I asked him, “So what if I didn’t tell you?” He said, “Now I know your time. I will be calculating with you. Please don’t come here when you’re in red. It gives me a certain feeling I don’t like.” I said, “And you want to marry?” He said, “There are many rooms in here. You’ll use one of them whenever you’re in red. I just don’t want that.” That conversation made me a little bit uncomfortable with him but I said in my head, “We’ll work around it. He’ll get used to it and be fine.”
Another night I was was with him. Again I woke up and he wasn’t there. “His parents called I guess.” I didn’t check anywhere, I just walked down the stairs and started knocking on that particular door. I knocked for over three minutes before he came out. He was angry. He said, “Why would you be knocking to disturb our conversation? Can’t you sleep? When you wake up and I’m not there, just sleep. I will definitely join when I’m done.” I walked upstairs and his phone was in the bedroom. “So what was he talking on?” I started getting ideas. I started getting scared. Questions.
“What does he actually do in that room when he wakes up at dawn?”

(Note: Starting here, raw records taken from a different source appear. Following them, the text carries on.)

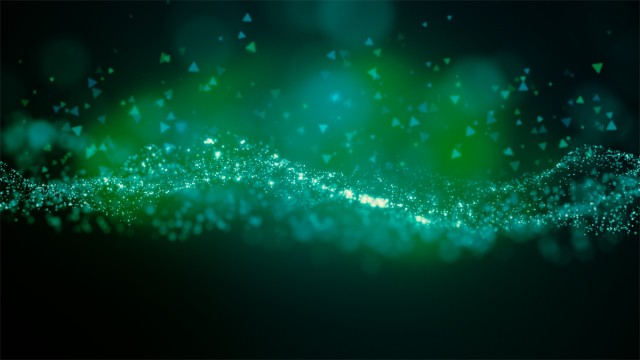 Cinematic green glowing moving particles with floating lights. Magical dust with on clean background. Abstract motion of particles in 4K. Seamless loop.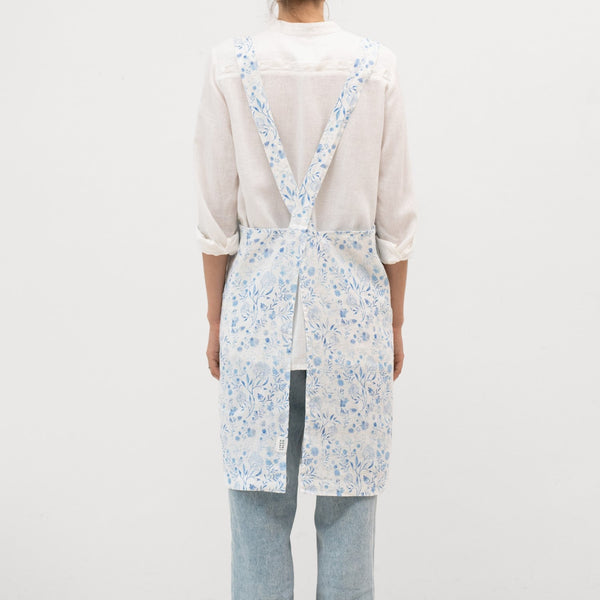 Linen Tales White Botanical Blue Linen Crossback Apron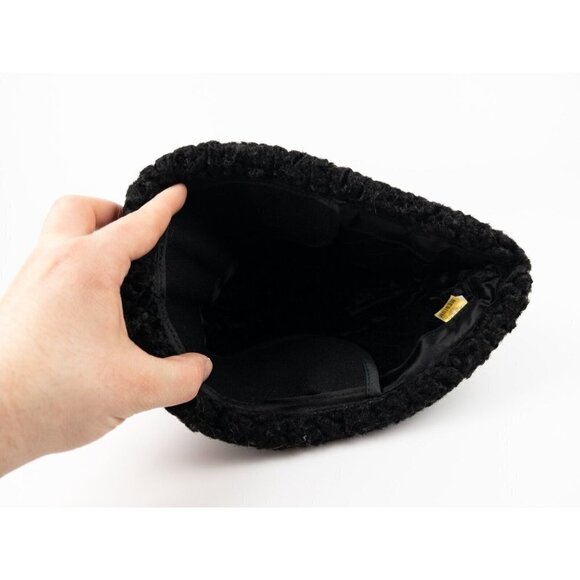 Adam Meldrum & Anderson Black Boiled Wool Hat with Ear Covers Size M Winter Cap - Picture 10 of 13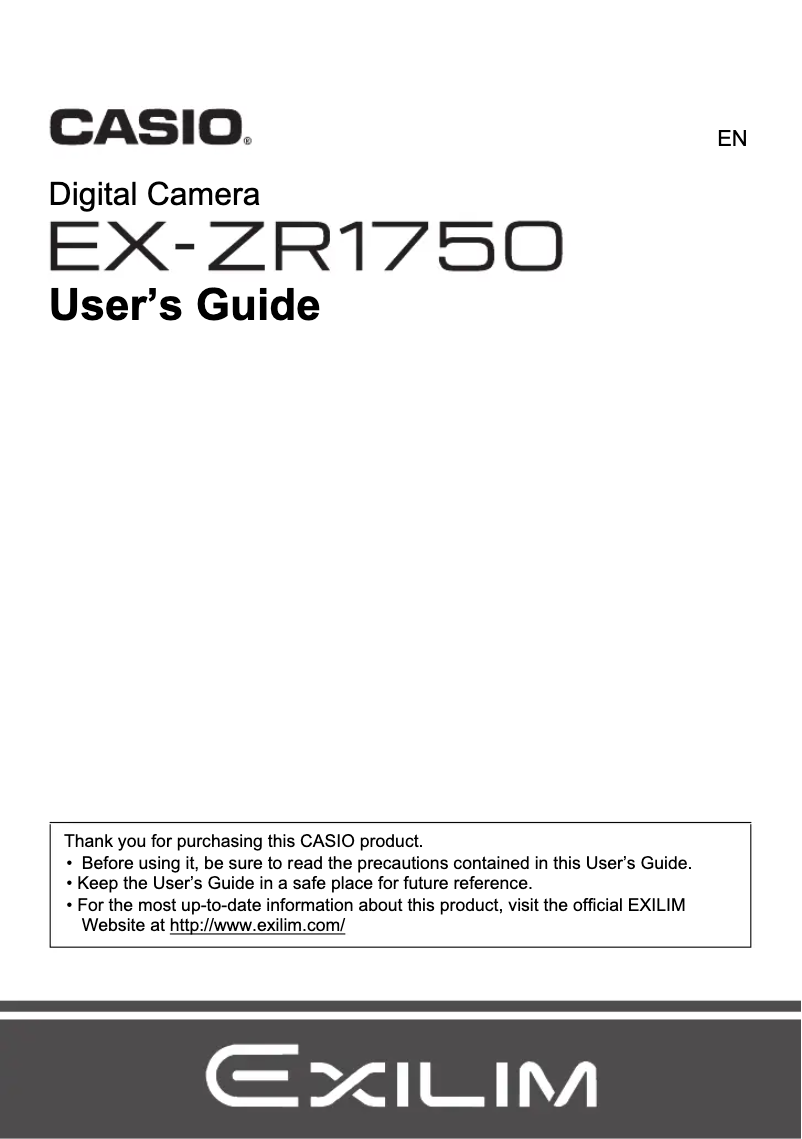 Page 1 de la notice Manuel utilisateur Casio Exilim EX-ZR1750
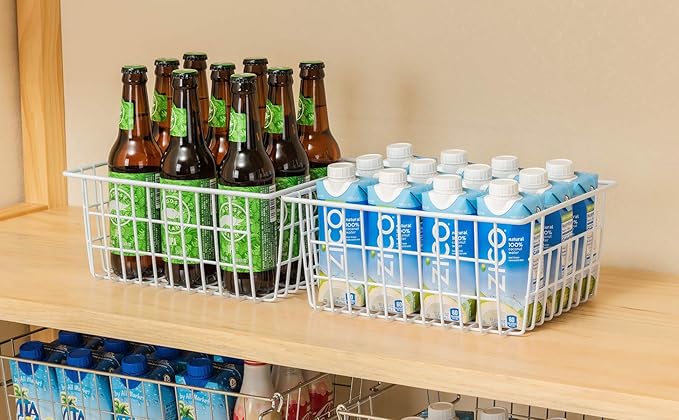 iPEGTOP Wire Storage Freezer Baskets, Set of 4 Large 15.4" Farmhouse Organizer Storage Bins Fridge Basket Rack with Handles for Kitchen Cabinets, Pantry, Office, Bathroom Organization - White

That question bugged my mind for days. I didn’t want to ask him. I wasn’t ready for the answers. I told him, “We’ve been dating for months now. You said you want to marry me so why are you hiding me from your parents? Don’t you think I deserve to meet them?” He said, “I don’t want to do that on phone. They’ll be home in December. I will do a proper introduction when they come.” I said, “I understand your nuclear family lives abroad. How about your extended family? Cousins, aunties, uncles, in-laws. Don’t you have any of them around here?” He said, “I have a lot of them. They are all in the village. I only go to them when my parents visit.” I asked, “How about friends? Ever since I’d known you, you’ve only introduced me to your colleagues at work. Don’t you have friends outside work?” He asked, “Why all these questions? Are you feeling insecure?” I said, “I’m feeling inadequate. The relationship is not full yet. Something is missing and that something is what I’m looking for.”
He said, “Everything would be alright. Wait till December. My parents will come. I’ll introduce you to them. We’ll follow them around to meet whoever you want to meet. As for friends, I told you. All I know is my work. I don’t do friends. I have you and that’s all I need. If you want me to make friends, no problem. We’ll go out there and make friends together or you can introduce me to your friends so we take it from there.”
Honestly, I’m scared, confused, conflicted, and have been thinking crazy thoughts since that day he got angry and I later found his phone in the bedroom. Are you thinking what I’m thinking? I’ve been putting one and one together and the answer scares me. He has two cars. He lives in a big house—bigger than his age and wage, looking at the job he does. He has a room he goes to at dawn to talk to his ‘parents.’ Are you getting the picture? Maybe it’s my mind that’s playing tricks on me but if you get the picture I’m creating, does it mean that your mind is also playing tricks on you? One mind can be wrong. Many minds going in the same direction can hardly be wrong. If your mind and mine are on the same wavelength then there’s a reason to be worried.
Should I run away? Or I should stay until December to see if he’ll let me meet his parents?
It’s urgent. Please give me your best shot of advice before I die so young.